## DATA

● ● ● ●

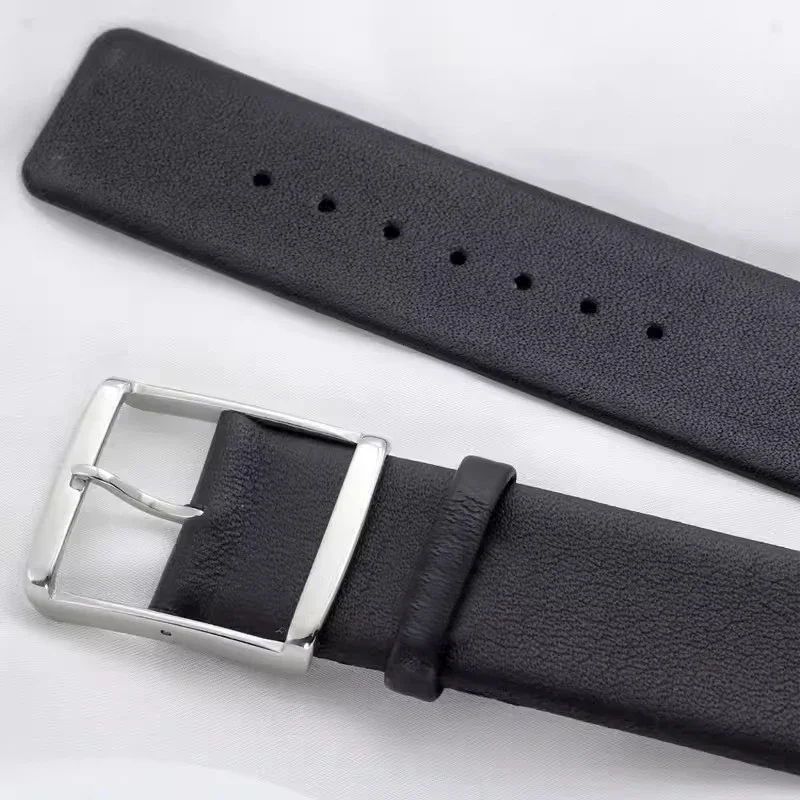 Horlogeband voor CK K94231 K 9423101 K 9423107 Duurzaam zacht voor Calvin Klein horlogeband Echt lederen herenarmband 22 mm
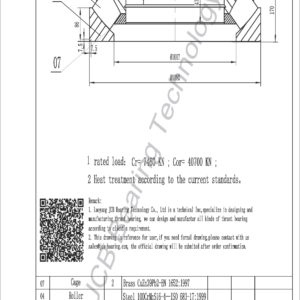 drawing of 292-900 spherical roller thrust bearing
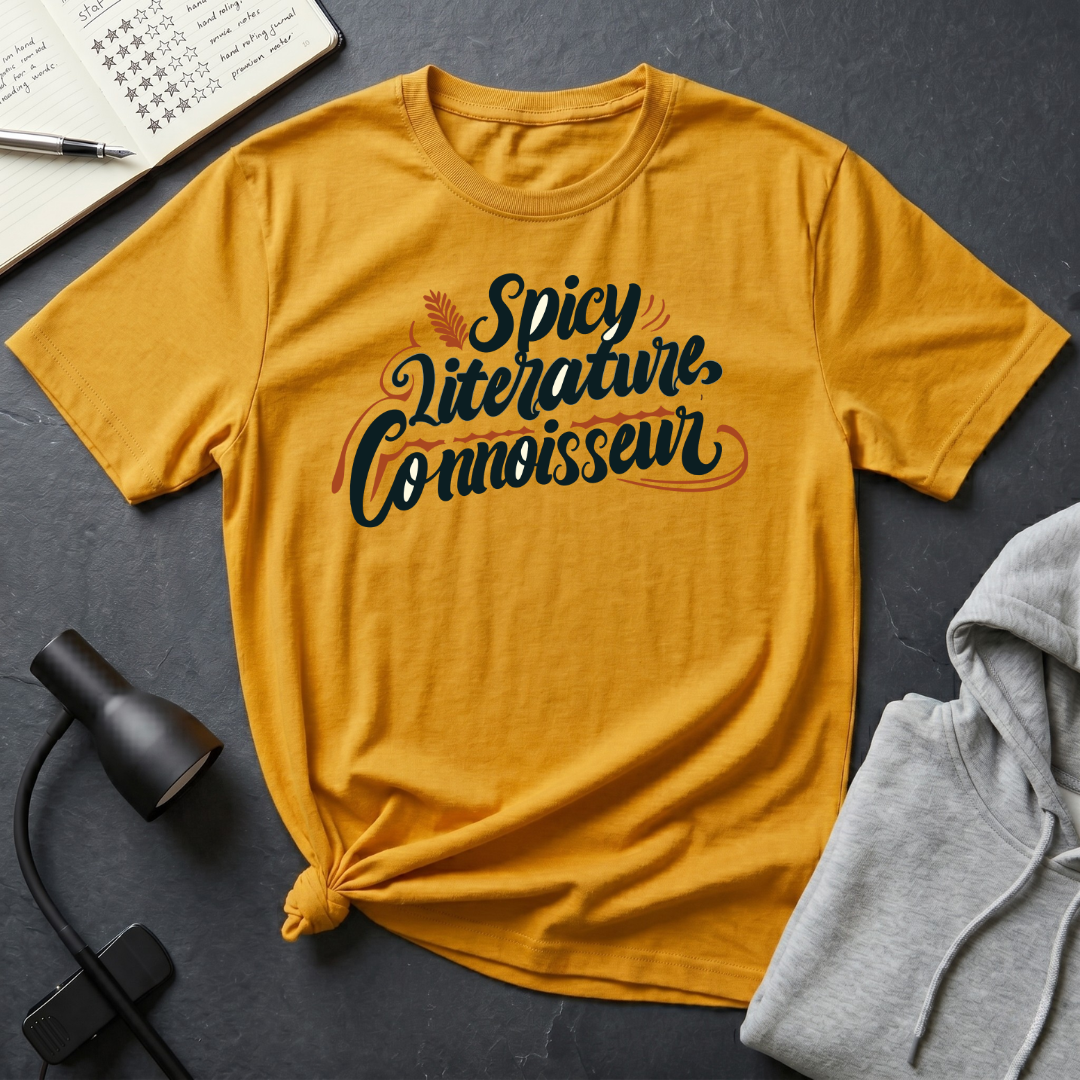 Spicy Literature Connoisseur T Shirt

● ● ● ●

## EXERCISE
Word for word, write out the full listing, leaving the pictures aside.

## EXPECTED ANSWER
 Horlogeband voor CK K94231 K 9423101 K 9423107 Duurzaam zacht voor Calvin Klein horlogeband Echt lederen herenarmband 22 mm
 drawing of 292-900 spherical roller thrust bearing
 Spicy Literature Connoisseur T Shirt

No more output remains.